Em 2023, avisou o comando que pretendia iniciar a transição. "Recebi um enorme apoio de toda a minha equipa de comando e tudo seria mantido em sigilo até que estivesse pronta para mudar oficialmente de género. Durante este período, iniciei o tratamento hormonal e comecei a apresentar-me lentamente como mulher em momentos particulares ou em férias", contou. "Em 2024, assumi-me na minha unidade e comecei a apresentar-me publicamente como mulher. Mais uma vez, recebi um enorme apoio da minha unidade como um todo. Paguei do meu bolso todos os cuidados relacionados com as pessoas trans. Os militares não cobriram nada disto".
Ataques à comunidade transgénero
As ameaças enfrentadas por Ellis, que serviu na Guarda Nacional desde 2009 e foi destacada para o Iraque e o Kuwait, realçam o impacto real da desinformação sobre as pessoas transgénero numa altura em que se verificou um aumento acentuado da retórica política contra elas.
As pessoas trans têm sido cada vez mais falsamente culpadas por tragédias e violência nos últimos anos, principalmente após tiroteios em massa. Desde 2022, alegações falsas ou não confirmadas têm ligado pessoas trans a tiroteios em massa em Uvalde, Texas; Nashville, Tennessee; Filadélfia; Madison, Wisconsin; e Des Moines, Iowa.

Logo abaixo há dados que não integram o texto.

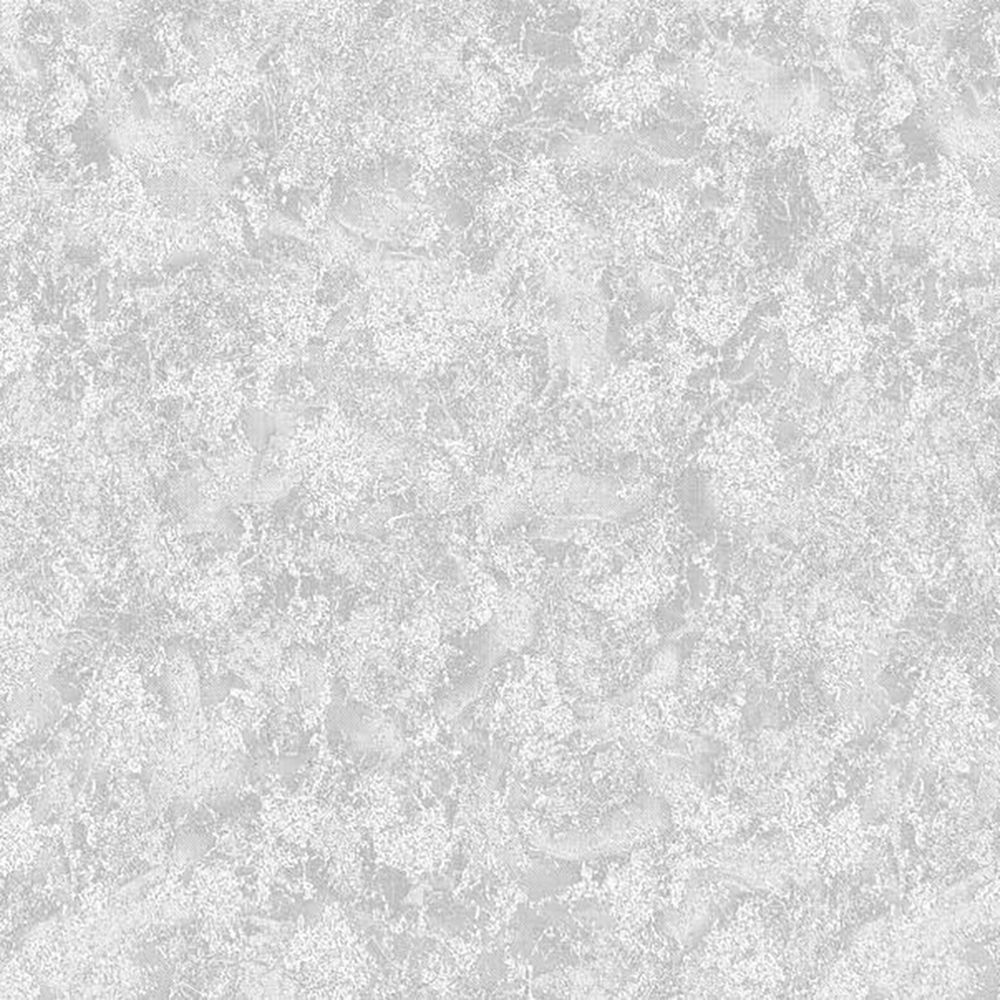 Обои Aurora Раджа С50 5004 03 серые штукатурка 1,06х10,05 м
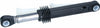 Ammortizzatore 100N Lavatrice 383EER3001G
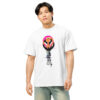 mens-box-tee-white-front-6987914dde608.jpg EvilPeace TEE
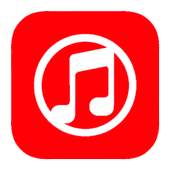 Tube Mp3 Song Music free 2.3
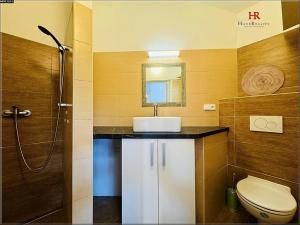 Prodej rodinného domu, Psáry, Jílovská, 800 m2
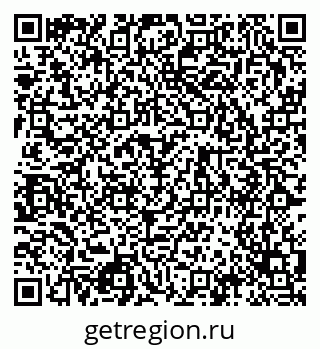 79124026274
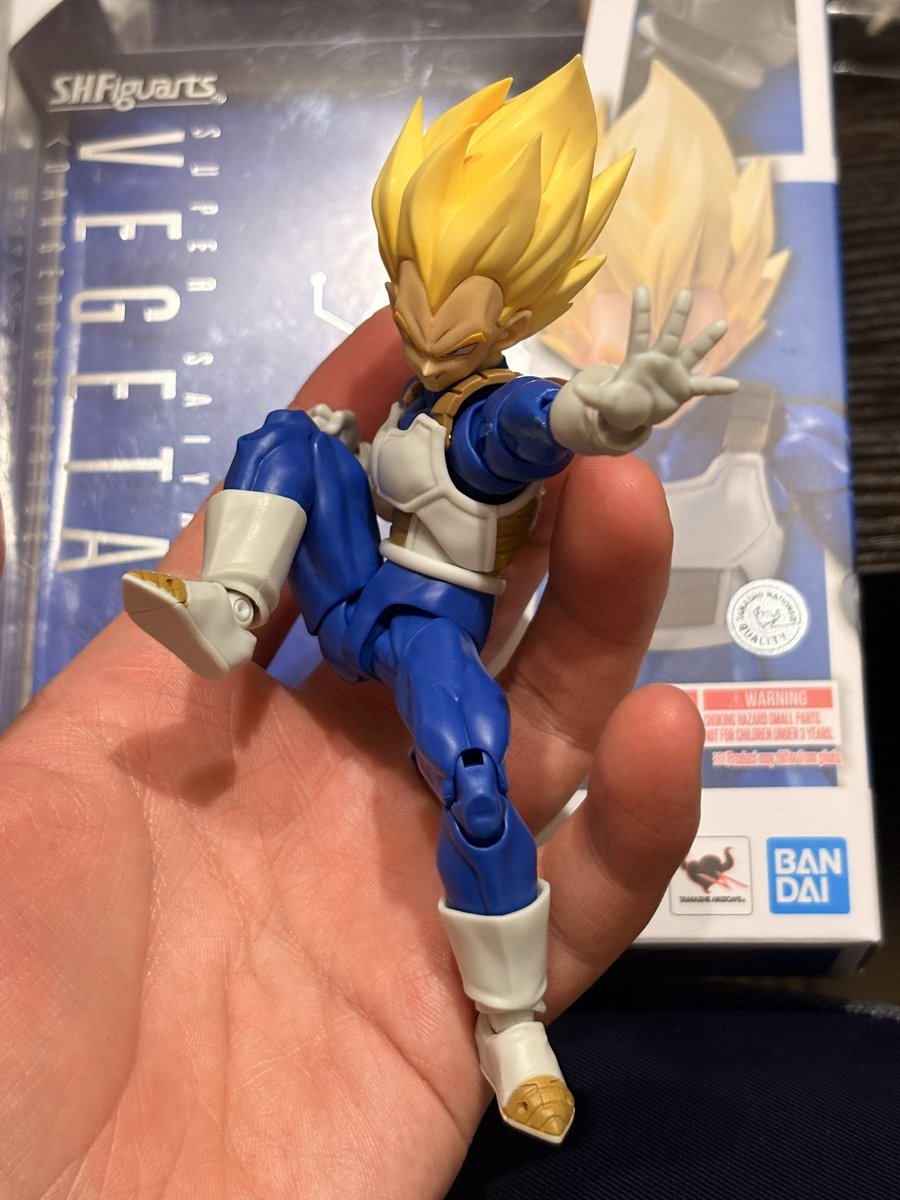 サナリエ tweet media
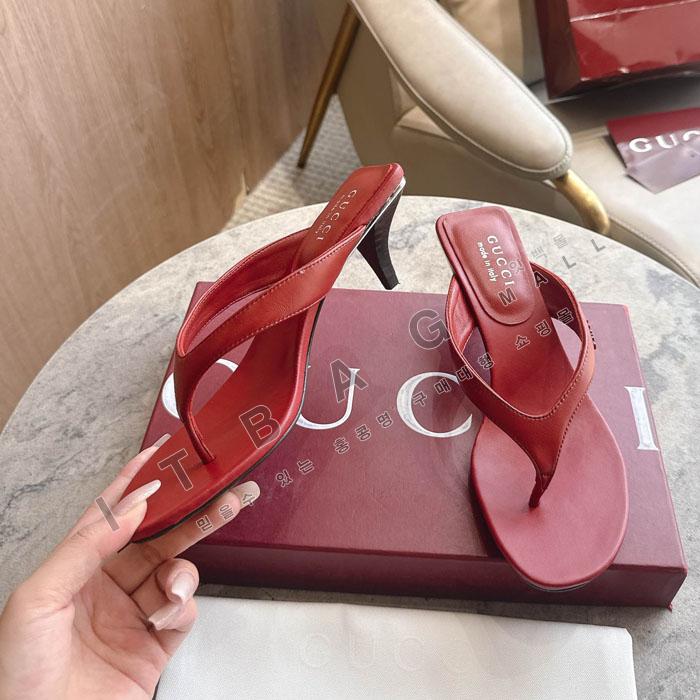 ���� ���� ���丮�� T-��Ʈ�� ����  SH5898-1    26/�Ż�    5.5CM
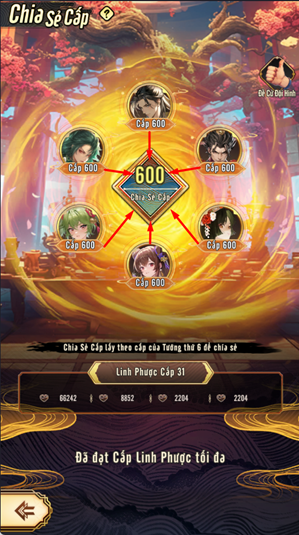 cs01 cs01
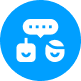 The Role of Gen AI in Customer Experience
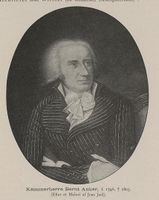 71. No-nb digibok 2010032303038 0256 1.jpg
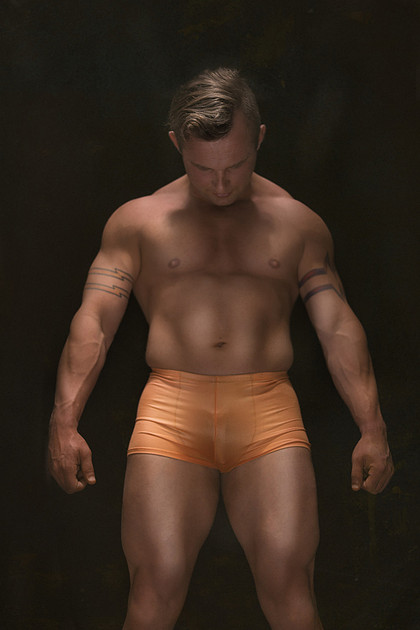 Aquaman Cosplay-JMSupersoldier-Fabled-Imagery Tuscaloosa-Alabama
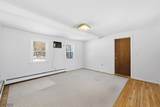 30 Reynolds Ave - Photo 11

A comunidade transgénero tornou-se um ponto crítico nas guerras culturais que assolam os Estados Unidos. O presidente norte-americano Donald Trump assinou vários decretos executivos, incluindo um que instruía o governo a reconhecer apenas dois sexos, masculino e feminino.

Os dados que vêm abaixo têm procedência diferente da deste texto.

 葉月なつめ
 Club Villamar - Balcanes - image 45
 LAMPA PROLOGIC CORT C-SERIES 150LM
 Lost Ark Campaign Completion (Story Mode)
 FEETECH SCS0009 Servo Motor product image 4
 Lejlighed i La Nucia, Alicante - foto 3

Após o acidente, Trump sugeriu, sem oferecer qualquer prova, que as práticas de contratação de diversidade da autoridade de aviação poderiam ser parcialmente culpadas, tornando as pessoas trans um alvo fácil para os rumores online. Além disso, dias antes do acidente, Trump tinha assinado uma ordem executiva que tentava proibir as pessoas transgénero de se juntarem às forças armadas, o que levou alguns utilizadores a especular que o acidente foi um ato de terrorismo cometido por um piloto transgénero.
O processo de Ellis faz parte de uma tendência que tem visto os processos por difamação a tornarem-se cada vez mais uma ferramenta utilizada por cidadãos norte-americanos e grupos pró-democracia para responsabilizar financeira e pessoalmente os disseminadores de desinformação.